Flow cytometry, or fluorescent activated cell sorting (FACS) has become a fundamental method for analyzing and collecting cell populations. Flow cytometry tells you the percentage of cells in a particular population that have the characteristics that you are interested in. These characteristics are defined by the array of surface proteins on each cell. The principle of flow cytometry involves labeling cell surface proteins with fluorophores and using lasers to record the fluorescent profile of a population of cells; these cells can also be sorted and isolated into enriched populations during the FACS process. The results of flow cytometry are read by the technicians and scientists performing the assay, and are typically displayed as two-dimensional dot plots with color density information included for greater detail and dynamic range.

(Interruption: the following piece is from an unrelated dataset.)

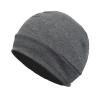 Quacc Unisex Cotton Beanie Hat Thin Running Skull Cap Winter Summer Sports Hat Chemo Cap Multifunctional Lightweight Helmet Liner Night Sleep Cap Beanies Hat for Men Women (Dark Gray) view 1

A lateral flow immunoassay is an easy-to-use and inexpensive paper-based device used to detect the presence of specific protein in fluid. The basic immunoassay works by taking advantage of the lock-and-key specificity of antibodies and their corresponding antigens. In the case of a lateral flow immunoassay the capture antibodies are printed onto a paper strip and the liquid moves across it via capillary action. The presence of the target antigen is detected by a colorimetric change on the strip of paper, which also makes the lateral flow assay an example of immunochromatography. The principle component of most immunochromatography devices is usually gold nanoparticles or an enzyme-conjugated bead; the gold nanoparticles have a red hue, and enzyme conjugated beads produce a colorful product when a substrate is introduced into the system. In both instances a positive test result is visible to the naked eye. Most lateral flow immunoassays are qualitative tests, which means that a color change on the test line indicates a positive result while the lack of color indicates a negative result. There is a significant amount of research invested in the development of quantitative lateral flow immunoassays in which numerical analysis of protein concentration is possible.

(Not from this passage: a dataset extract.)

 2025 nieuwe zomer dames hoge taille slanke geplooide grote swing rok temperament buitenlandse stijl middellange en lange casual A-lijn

An antigen is a substance that is capable of stimulating an immune response and activating white blood cells to produce antibodies. Antigens can be proteins or sugars that are located on the outer surfaces of cells. All cells have antigens including the ones inside the body, bacteria, and even viruses. The antibodies produced by the immune system are custom-fitted to the antigen that initially stimulated the immune response. The antibodies have an antigen recognition site (paratope) that has highly specific affinity for a region on the antigen called the epitope.

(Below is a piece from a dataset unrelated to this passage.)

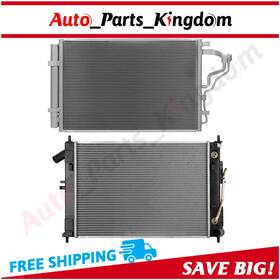 Apking 13771245 For 2014 2015 2016 Hyundai Elantra Aluminum Radiator And Ac Condenser Cooling Kit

Nanobeads have applications ranging from basic science research to clinical imaging and targeted drug delivery. Nanobeads are composites of nanoparticles. Nanoparticles are defined as being less than 100 nanometers in diameter while nanobeads are usually around 50 to 200 nanometers in diameter. There are also microbeads, but these are much larger and have diameters of at least 1000 nanometers, or 1 micrometer, which is close to the size of a cell. Animal cells range from 10 to 30 micrometers in diameter. The size of nanobeads is very important to their function; partly because they are so much smaller than a cell, which enables them to be used for cell labeling and isolation. In the case of magnetic nanobeads, the nanometer size imparts the paramagnetic property that is so valuable for biomagnetic separation, clinical imaging (contrast enhanced magnetic resonance (MRI)), and therapeutics such as magnetic hyperthermia for targeted tumor destruction.